▶ _Action item_
Retype every line of the records exactly.

▶ _Data supplied_
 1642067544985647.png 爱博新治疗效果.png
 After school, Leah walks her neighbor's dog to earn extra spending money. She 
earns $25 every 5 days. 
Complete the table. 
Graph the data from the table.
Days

▶ _The answer_
 1642067544985647.png 爱博新治疗效果.png
 After school, Leah walks her neighbor's dog to earn extra spending money. She 
earns $25 every 5 days. 
Complete the table. 
Graph the data from the table.
Days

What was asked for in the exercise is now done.